- [DATA IN THIS EXERCISE]
• • •

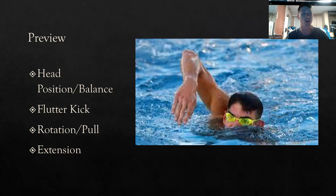Today I'm going to be talking about freestyle and the main points of freestyle that will help you improve your swimming and hopefully help you survive or become a better swimmer. I'm going to be talking about head position and balance, the flutter kick, the rotation, the pull, and also the extension of the stroke.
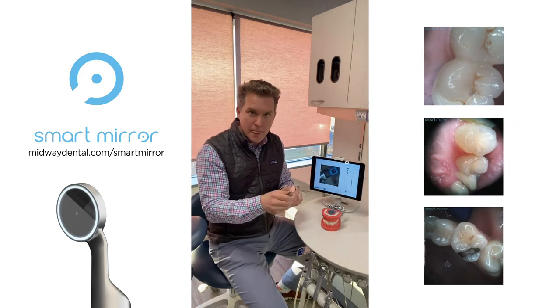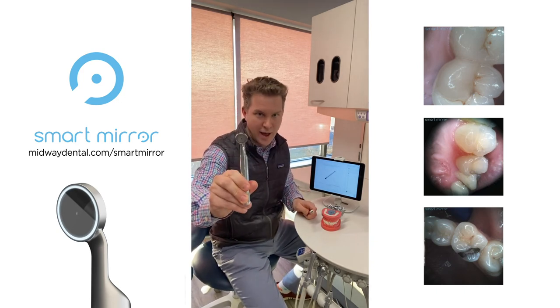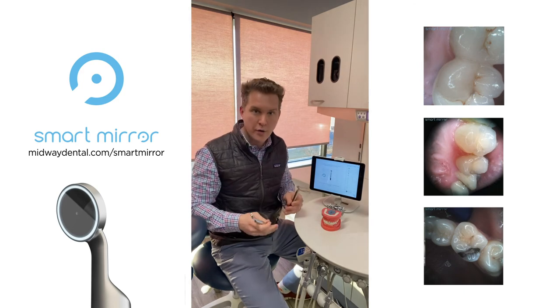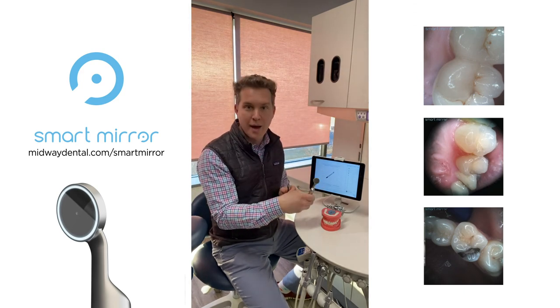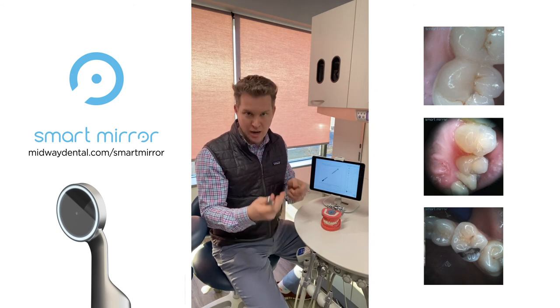When I'm done, I simply separate the two components. The mirror is sterilizable. And because I know you're wondering, you can take the images from the iPad or whatever device you store them on and transfer them over to your imaging software.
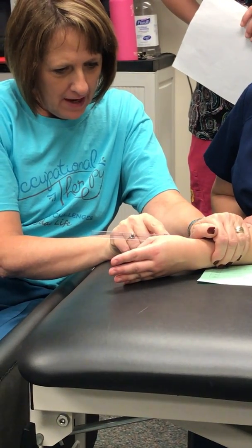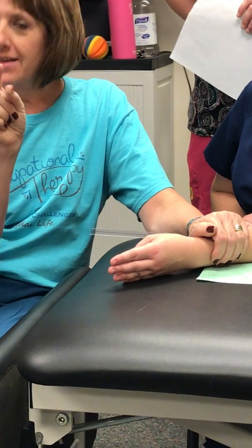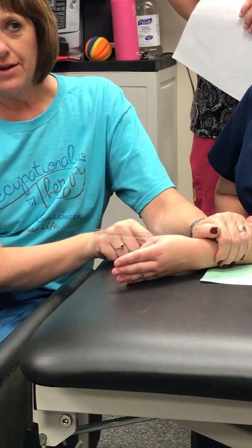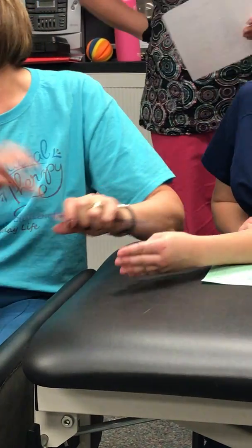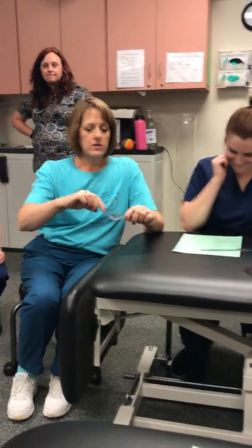Now I'm lined up with the metacarpal and I've gone past zero — I'm at about 5 on the other side, so I add that. I started at 15, went to zero, and added 5, so she has 20 degrees of flexion.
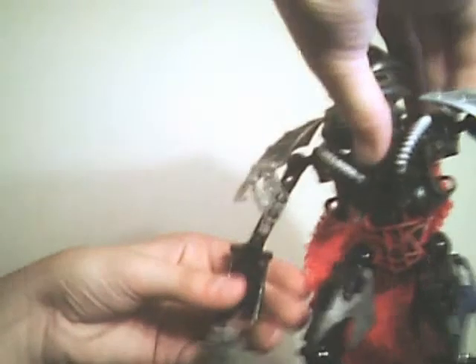Right here it used to be silver, but I changed it to dark red, because now that's basically his color scheme: dark red, silver, gray, and black.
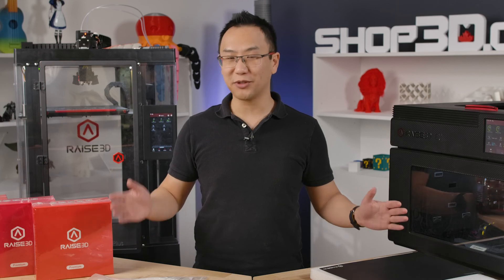And this concludes all the accessories that you'll need with your Raze 3D printer. Get it today at shop3d.ca.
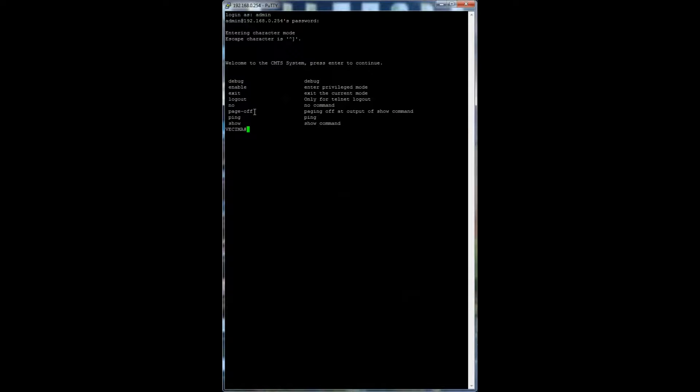Page off cuts off the page at the output of the show command. Ping allows the user to ping a specific IP address to test the connection. The show command is used to view information such as the firmware version; simply type show before the feature you want more information about. For example, show version would display the current software version.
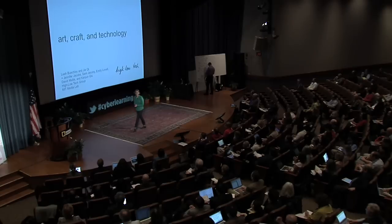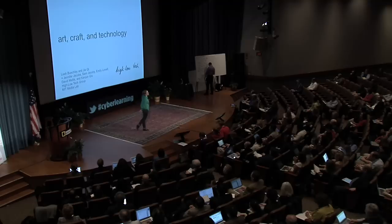My name is Leah Beakley, and I'm a professor at the MIT Media Lab, where I run a research group called Hi-Low Tech. Today I'm going to talk to you about blending art and craft and technology.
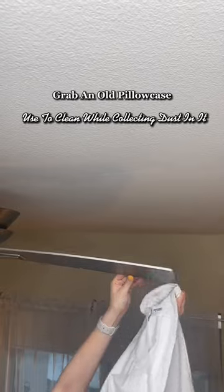Is your fan full of dust? Use an old pillowcase to dust the fan, and it will collect the dirt inside of it instead of pushing it around the entire room.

• • •

- [DIRECTIONS] From the listing above, repeat only the lines between the line containing "Now I'm lined" and the line containing "Right here it", those two included. Pictures are not part of the copy.

- [ANSWER SECTION]
Now I'm lined up with the metacarpal and I've gone past zero — I'm at about 5 on the other side, so I add that. I started at 15, went to zero, and added 5, so she has 20 degrees of flexion.
Right here it used to be silver, but I changed it to dark red, because now that's basically his color scheme: dark red, silver, gray, and black.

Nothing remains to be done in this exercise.